Le demandeur invoque, à l'appui de son pourvoi, un moyen de cassation.
Le dossier a été communiqué au procureur général.
Sur le rapport de Mme Maitral, conseiller référendaire, les observations de la SARL Cabinet Rousseau et Tapie, avocat de M. [B], après débats en l'audience publique du 24 septembre 2024 où étaient présents Mme Mariette, conseiller doyen faisant fonction de président, Mme Maitral, conseiller référendaire rapporteur, M. Seguy, conseiller, et Mme Pontonnier, greffier de chambre,
la chambre sociale de la Cour de cassation, composée des président et conseillers précités, après en avoir délibéré conformément à la loi, a rendu le présent arrêt.
Faits et procédure
1. Selon l'arrêt attaqué (Rouen, 11 mai 2023) et les productions, M. [B] a été engagé en qualité de manager sportif au mois de mai 2016 par la société C2LV exploitant une salle de sport sous l'enseigne Fitness Park Evreux.

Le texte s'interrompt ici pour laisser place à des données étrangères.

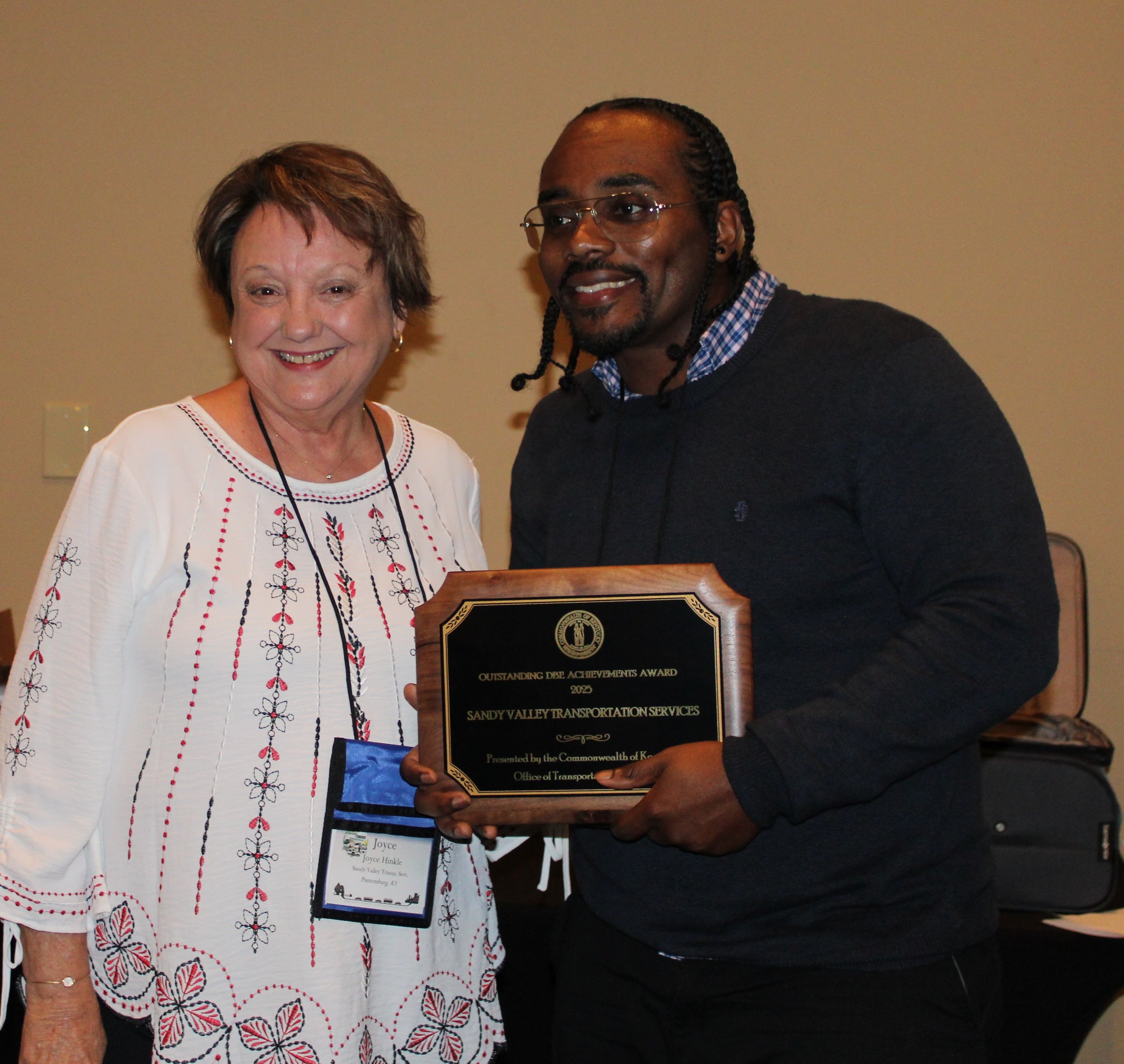 OUTSTANDING DBE ACHIEVEMENTS AWARD  Sandy Valley Transportation  Services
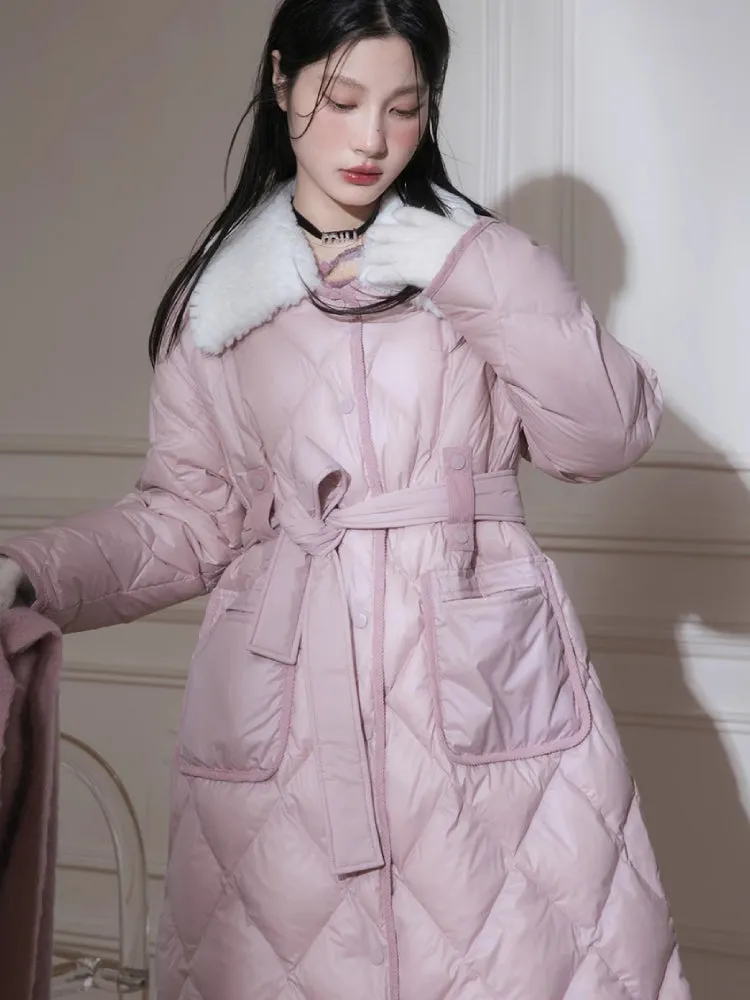 Milk peach long down jacket【s0000005851】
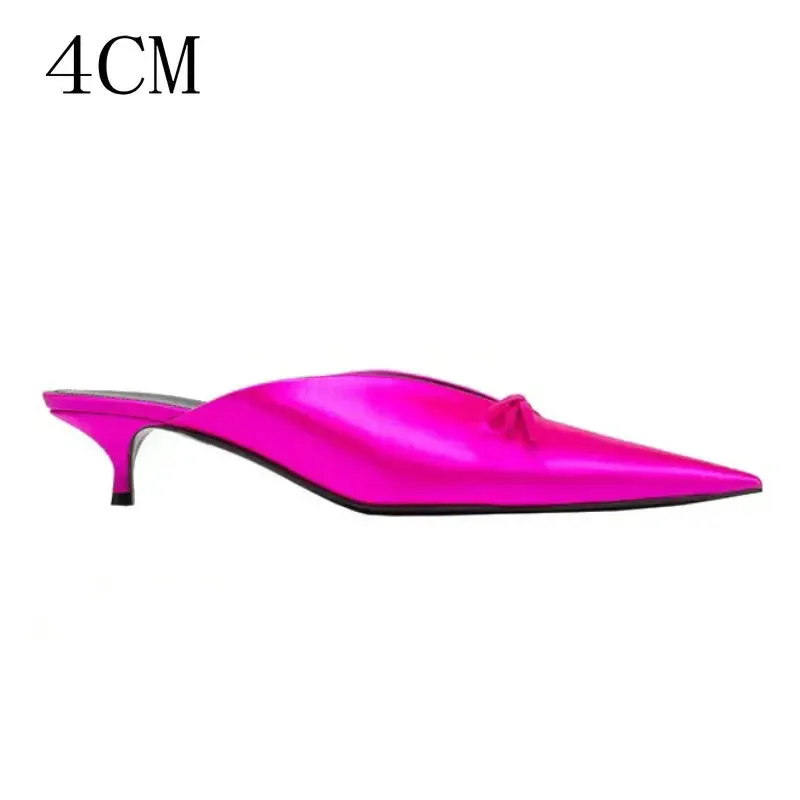 TAVIMART  -  Super Hot Pointy Bow V-Top Skinny Heel Bun Towing Summer Muller Shoes Fashion Leather Low Heel Pumps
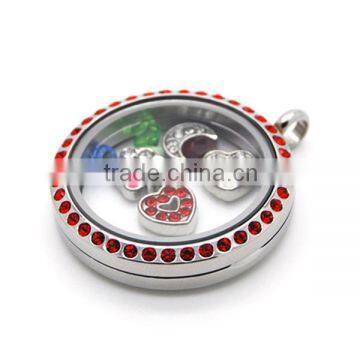 China dongguan factory 316l stainless steel floating memory locket with red crystal stones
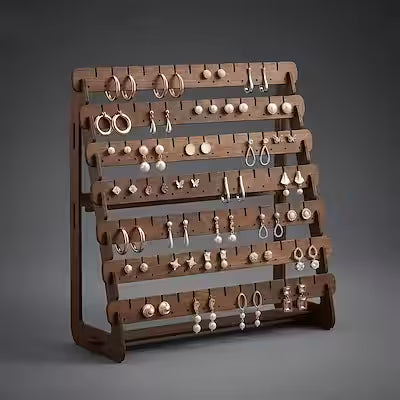7-tier wooden earring display stand for stud and hook earrings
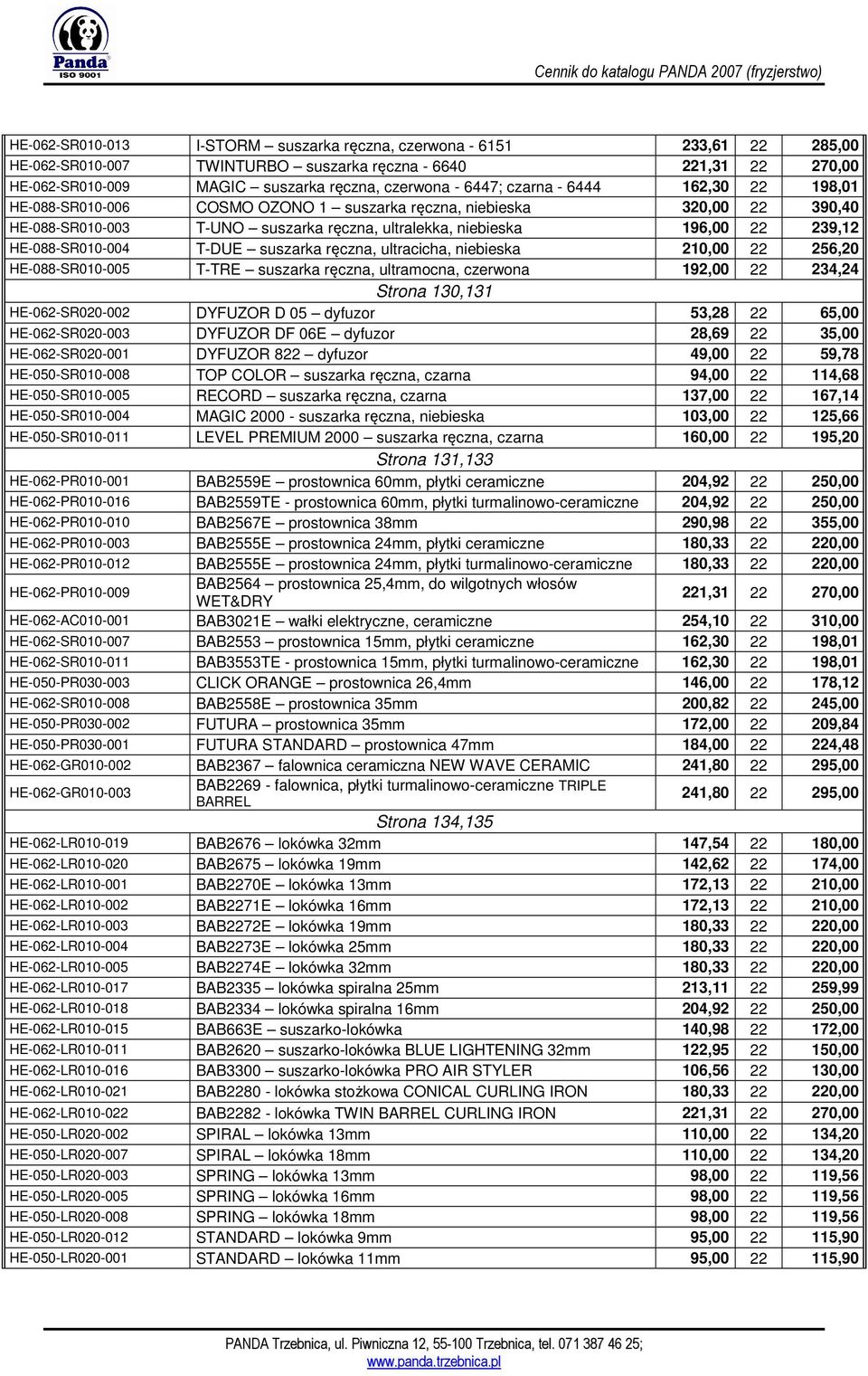 HE-088-SR010-004 T-DUE suszarka ręczna, ultracicha, niebieska 210,00 22 256,20 HE-088-SR010-005 T-TRE suszarka ręczna, ultramocna, czerwona 192,00 22 234,24 Strona 130,131 HE-062-SR020-002 DYFUZOR D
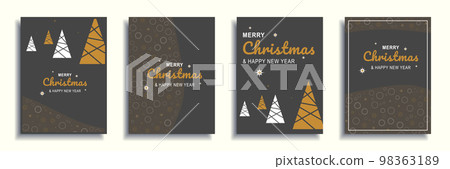 Merry Christmas and New Year 2022 brochure covers set. Xmas minimal banner design with white or gold festive trees with abstract pattern borders. Vector illustration for flyer, poster or greeting card Merry Christmas and New Year 2022 brochure covers set. Xmas minimal banner design with white or gold festive trees with abstract pattern borders. Vector illustration for flyer, poster or greeting card 98363189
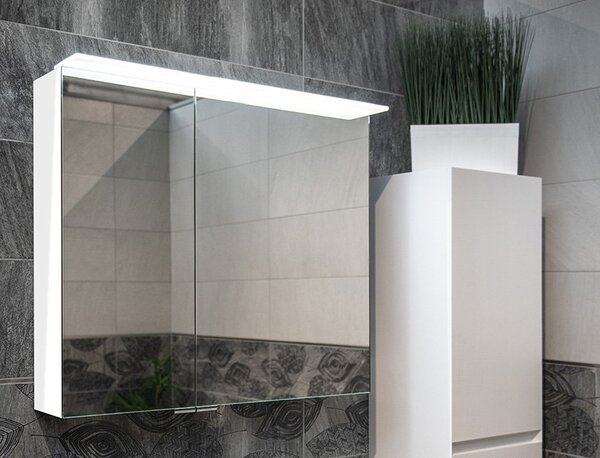Sapho Sapho, galerie LINEX cu iluminare LED, 80x70x15cm, alb, LX080-0030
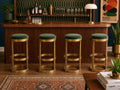 Emerald Velvet Sculptural Glam Bar Stools - Set of 4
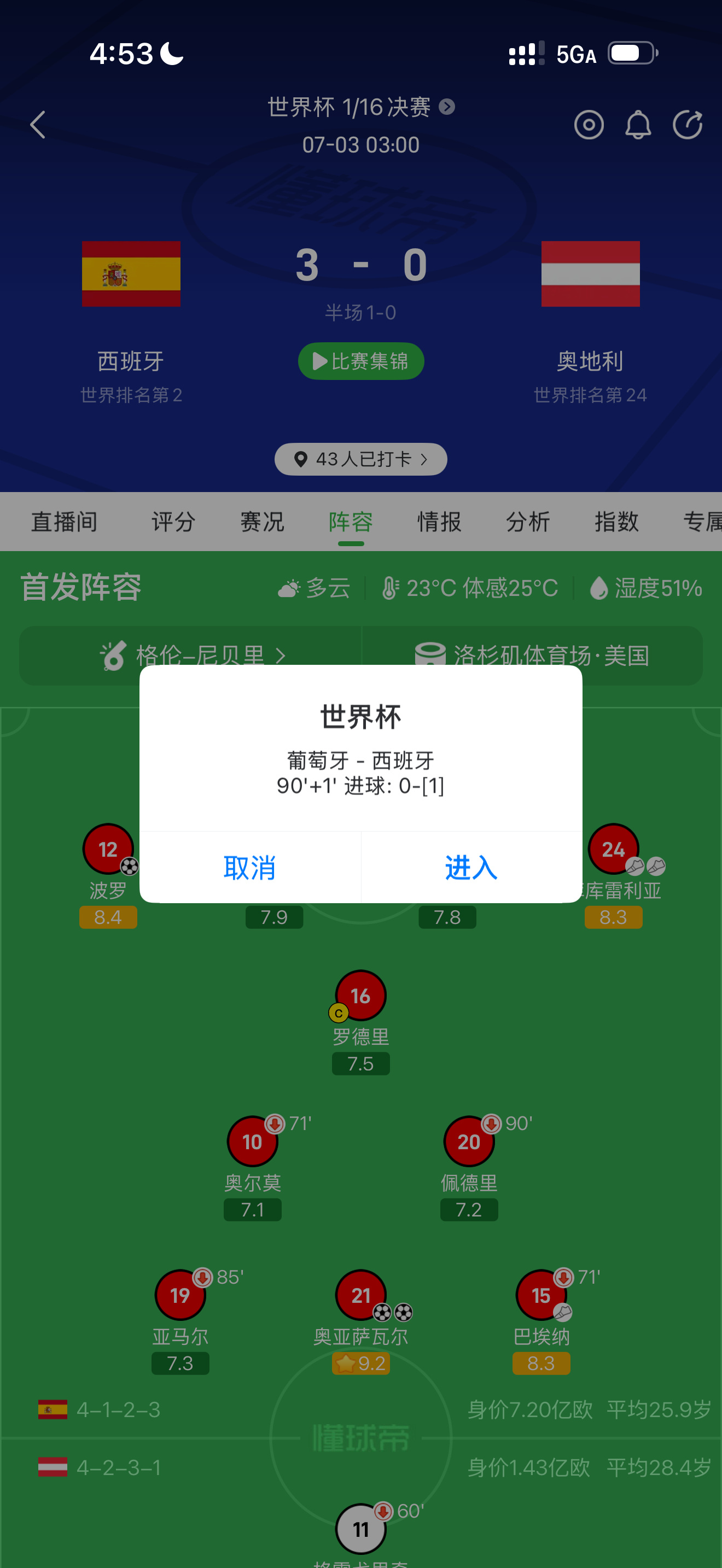 就在我在看换人后和上一场3:0奥地利对比的时候跳出了进球的消息，心里的...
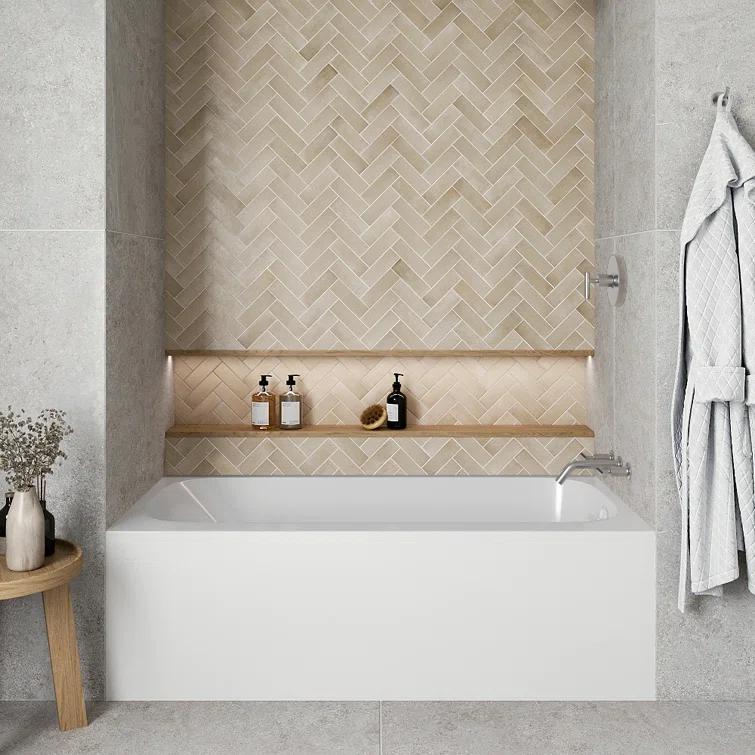 Streamline 60 in. x 30 in. Acrylic Right-Hand Drain Alcove Bathtub in Glossy White With External Drain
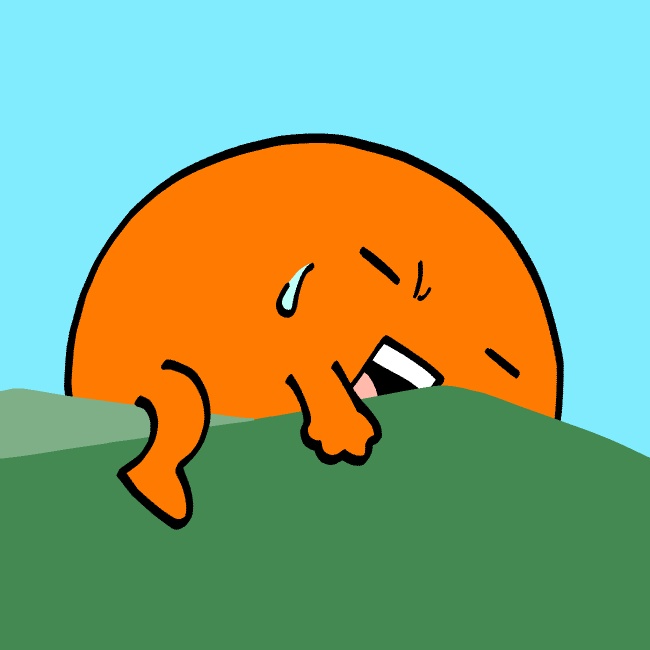 なかなか昇れない太陽くんGIFアニメ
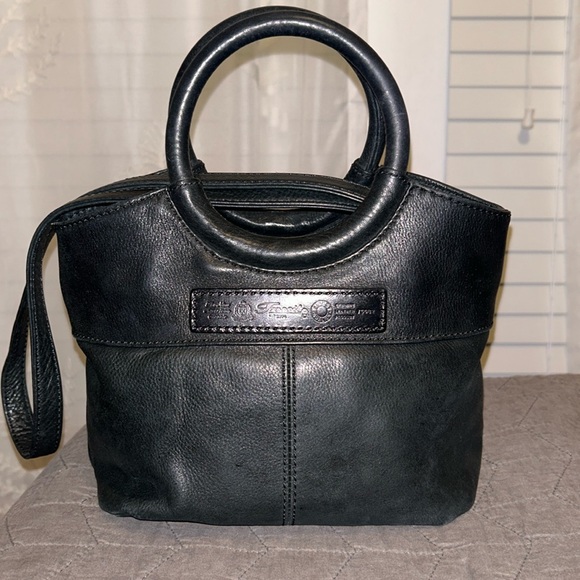 Fossil Handbags - Vintage Fossil Pebbled Black Genuine Leather Shoulder Mini Bag Handles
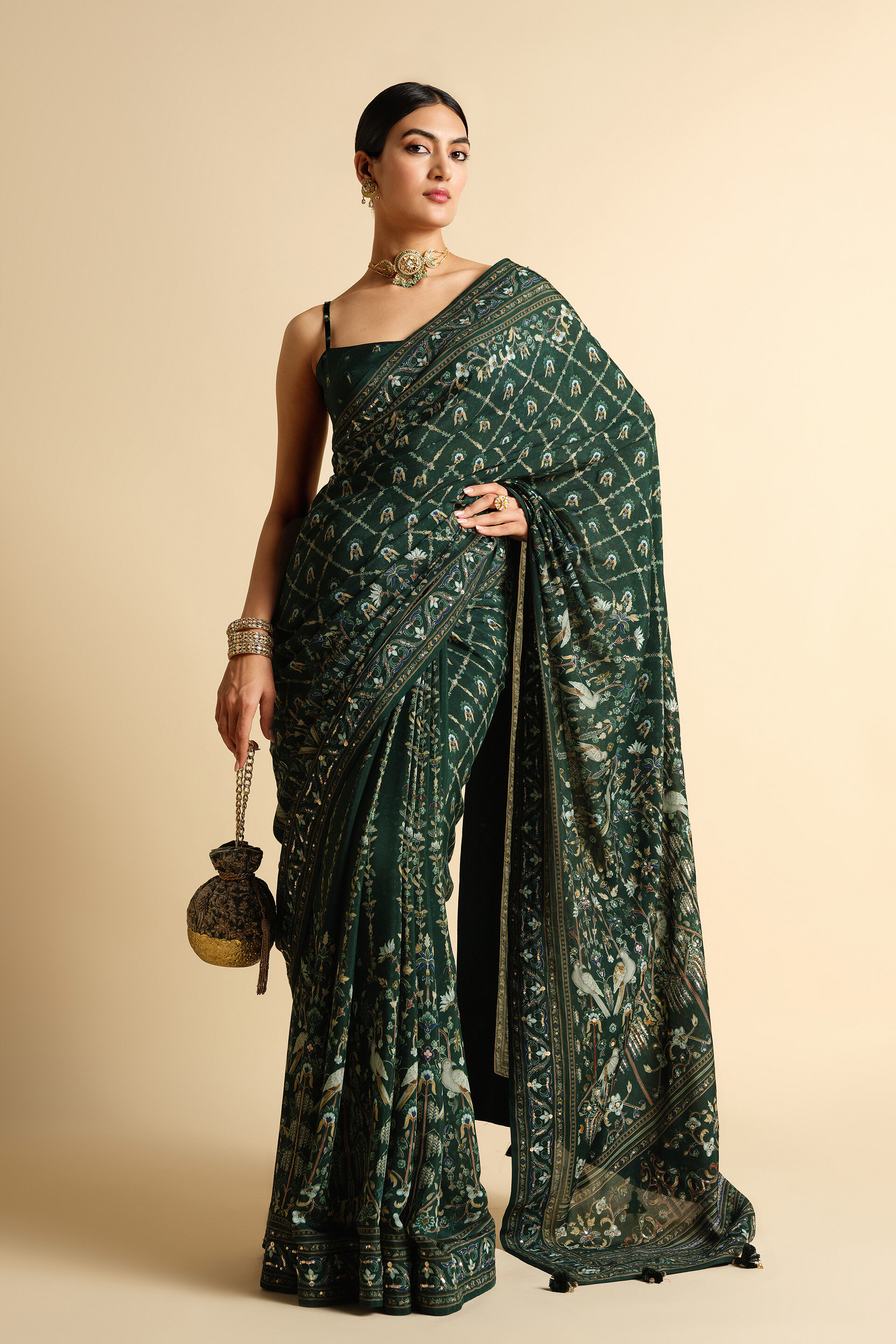 Nooraya Sequin Saree - Green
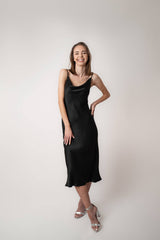 Silk Closet cowl neck black slip midi dress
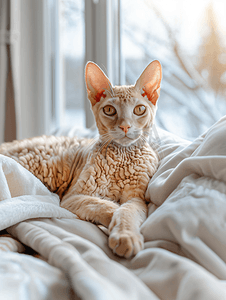 可爱的卷毛猫乌拉尔雷克斯躺在窗前的床上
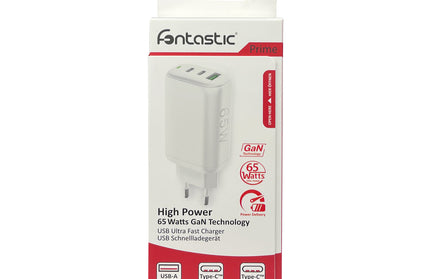 Netzteil GaNto 2 x Type-C PD + USB-A FC3 GaN 65W Power Delivery, Fast Charge 3, max.3.25A, Trio ws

2. Licencié pour faute grave le 13 mars 2020, il a saisi la juridiction prud'homale de demandes au titre de la rupture de son contrat de travail.
Examen du moyen
Sur le moyen, pris en sa première branche
Enoncé du moyen
3. Le salarié fait grief à l'arrêt de dire que son licenciement était justifié par une faute grave et de le débouter de ses demandes au titre de l'indemnité compensatrice de préavis, de l'indemnité de licenciement et du rappel de salaire au titre de la mise à pied conservatoire, alors « qu'un motif tiré de la vie personnelle du salarié ne peut, en principe, justifier un licenciement disciplinaire, sauf s'il constitue un manquement de l'intéressé à une obligation découlant de son contrat de travail ou se rattache à la vie professionnelle ; que pour dire le licenciement justifié par une faute grave et débouter le salarié de ses demandes, la cour d'appel a retenu qu'en participant à une séance d'entraînement au sein d'une salle de sport concurrente à celle de son employeur, en diffusant cette séance sur les réseaux sociaux, en assortissant cette diffusion de commentaires élogieux, le salarié avait gravement manqué à son obligation de loyauté ; qu'en statuant ainsi, cependant qu'il ne résulte pas de ces motifs que le salarié était soumis à une obligation particulière de loyauté, la cour d'appel a violé l'article 9 du code civil et les articles L. 1235-3, L. 1234-1, L. 1234-5 et L. 1234-9 du code du travail, dans leur rédaction applicable en la cause. »
Réponse de la Cour
Vu l'article L. 1121-1 du code du travail :
4. Il résulte de ce texte qu'un motif tiré de la vie personnelle du salarié ne peut justifier un licenciement disciplinaire sauf s'il constitue un manquement de l'intéressé à une obligation découlant de son contrat de travail.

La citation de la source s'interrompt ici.